Senz’altro un brutto colpo. Come lo è stato il Fatca, la legge del 2010 voluta da Obama che obbliga le banche straniere a comunicare se americani aprono conti presso di loro, per rivalersi su di loro; ha segnato l’inizio della fine del segreto bancario svizzero. E non solo.

E poi proponete una tassa progressiva sul reddito che tenga conto anche di plusvalenze, dividendi e tutto ciò che arricchisce una persona…

Questo è più difficile in Europa che negli Usa perché da voi vige la mobilità all’interno degli Stati membri, per cui se la Francia alza le tasse puoi trasferirti in Irlanda mentre, a meno di rinunciare alla cittadinanza, se sei americano le tasse dovrai sempre pagarle lì. Però si potrebbe rendere la vita difficile a chi valuta di trasferirsi, obbligando a versare le imposte nel paese d’origine per 5 o 10 anni dopo il trasferimento. Sarebbe un forte disincentivo.

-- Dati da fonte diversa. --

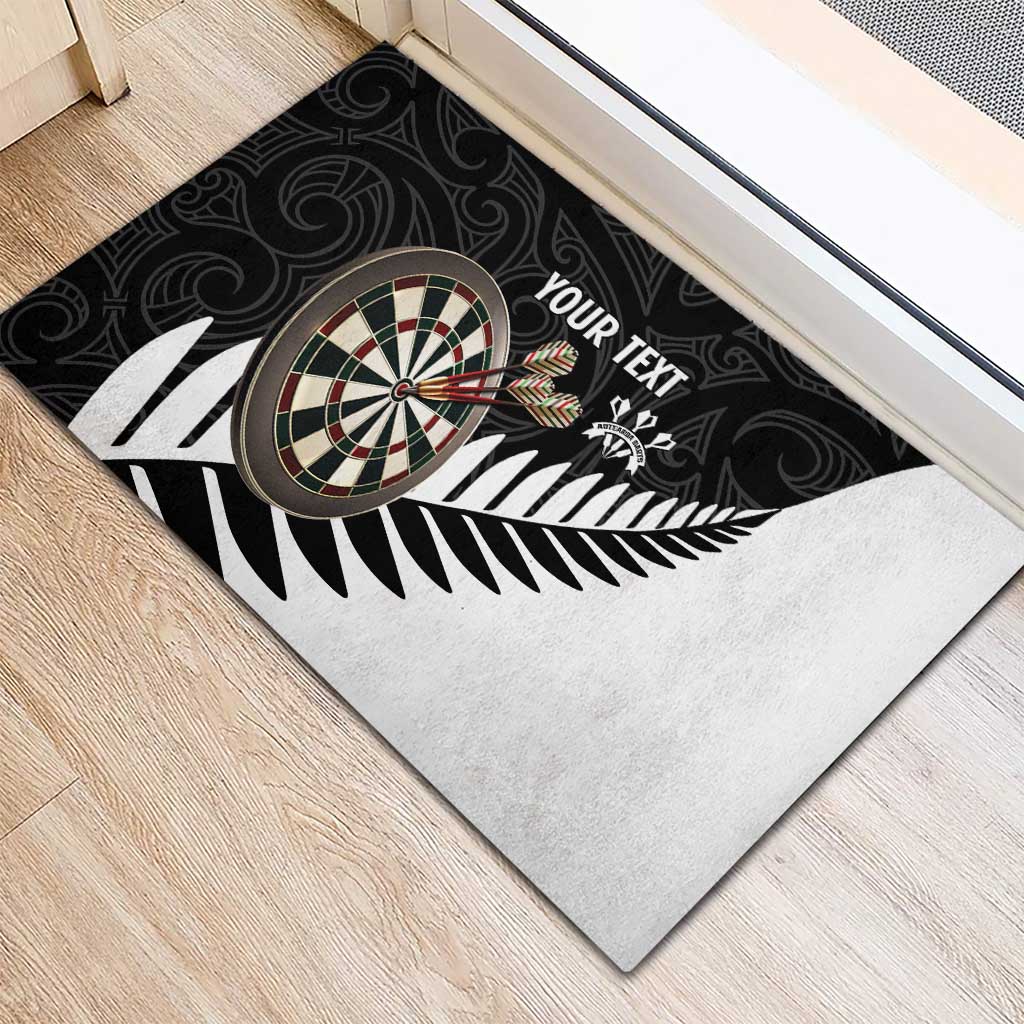 Personalised New Zealand Darts Rubber Doormat Silver Fern Aotearoa Maori Pattern LT14 - Polynesian Pride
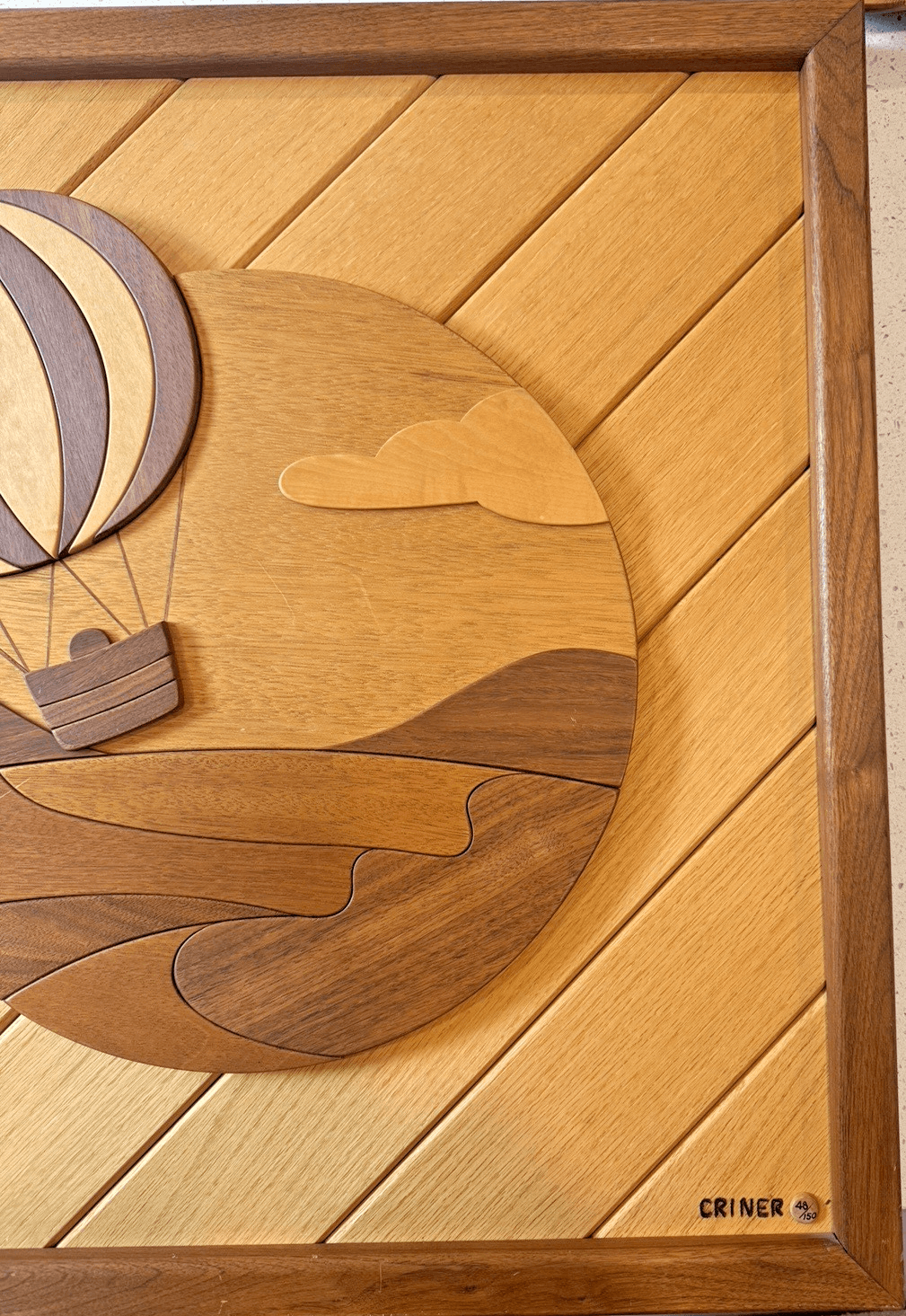 Vintage Dave Criner Limited Edition Wood Inlay Hot Air Balloon Handmade Artwork - Thumbnail 3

Perché tassare di più i ricchi farebbe bene alla società nel suo complesso?

Perché il denaro si trasforma in potere e il potere a sua volta costruisce le condizioni per il perpetuarsi del denaro. E’ la storia degli ultimi 40 anni. Nel dopoguerra, con quelle altissime aliquote marginali e con imposte di successione quasi confiscatorie (fino all’80% mentre oggi la media è del 17 e solo per patrimoni oltre i 5 milioni), si sono trovati i soldi che hanno consentito la creazione della classe media più prospera della storia. Noi riteniamo che, per i ricchi, un’aliquota del 60% sarebbe quella ideale per massimizzare l’imponibile a favore di tutti.

Che è più del doppio di quella attuale, non proprio un ritocco. Nel simulatore che avete costruito ci si accorge che, anche con Biden presidente, le aliquote non cambierebbero molto rispetto a Trump. I cambiamenti radicali ci sarebbero stati con Sanders e Warren di cui siete stati consulenti ma che, senza dubbio, hanno perso. Cos’è che non vi fa perdere la speranza?

In quel simulatore, costruito su Taxjusticenow.org, ognuno può vedere come cambierebbero le cose per le varie fasce di reddito modificando le aliquote. E anche accorgersi di quanto meno ricchi sarebbero stati Bezos e gli altri se le tasse non li avessero così scandalosamente favoriti. Con quei soldi avremmo avuto un’America migliore. Di tutto questo parliamo anche con lo staff di Biden e con i governatori di New York e della California. Di qui la nostra speranza.

 

                   Riccardo Staglianò         Emmanuel Saez

 

Questo articolo di Riccardo Staglianò è stato pubblicato nel “Venerdì di Repubblica” del 9 ottobre 2020, alle pp. 54-57.